**EXERCISE GOAL:** Only one stretch of the data should be retyped: the lines from the line containing "Quick example: if" through the line containing "Once you've logged". Keep pictures out of it.

Segment Start: TASK DATA

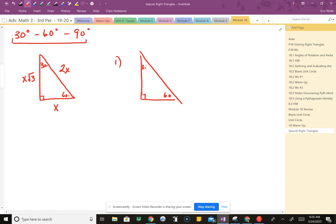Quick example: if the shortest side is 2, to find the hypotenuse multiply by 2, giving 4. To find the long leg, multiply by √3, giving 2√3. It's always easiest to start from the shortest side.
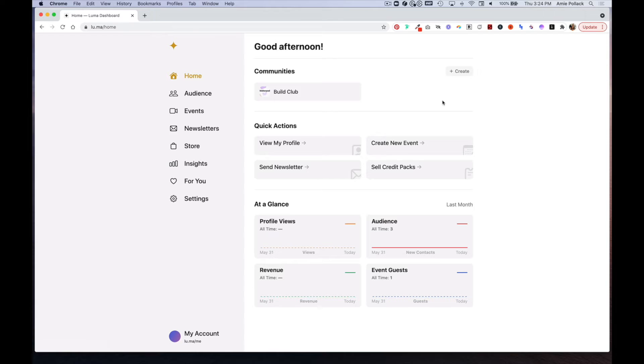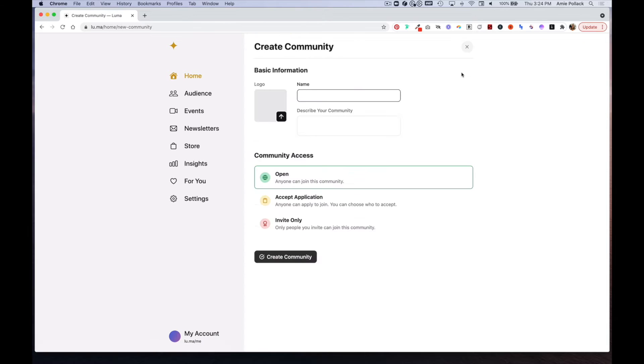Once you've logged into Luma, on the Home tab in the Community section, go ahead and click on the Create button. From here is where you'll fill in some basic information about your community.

Segment End: TASK DATA
Segment Start: TASK DATA

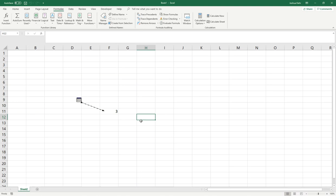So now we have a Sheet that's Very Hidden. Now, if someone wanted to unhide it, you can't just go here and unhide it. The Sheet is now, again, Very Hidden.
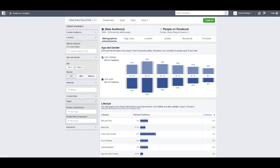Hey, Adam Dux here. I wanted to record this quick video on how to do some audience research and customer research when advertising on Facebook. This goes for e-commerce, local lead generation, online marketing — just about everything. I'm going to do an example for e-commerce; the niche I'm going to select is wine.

Segment End: TASK DATA

**RESULT FOR THIS EXERCISE:**
Quick example: if the shortest side is 2, to find the hypotenuse multiply by 2, giving 4. To find the long leg, multiply by √3, giving 2√3. It's always easiest to start from the shortest side.
Once you've logged into Luma, on the Home tab in the Community section, go ahead and click on the Create button. From here is where you'll fill in some basic information about your community.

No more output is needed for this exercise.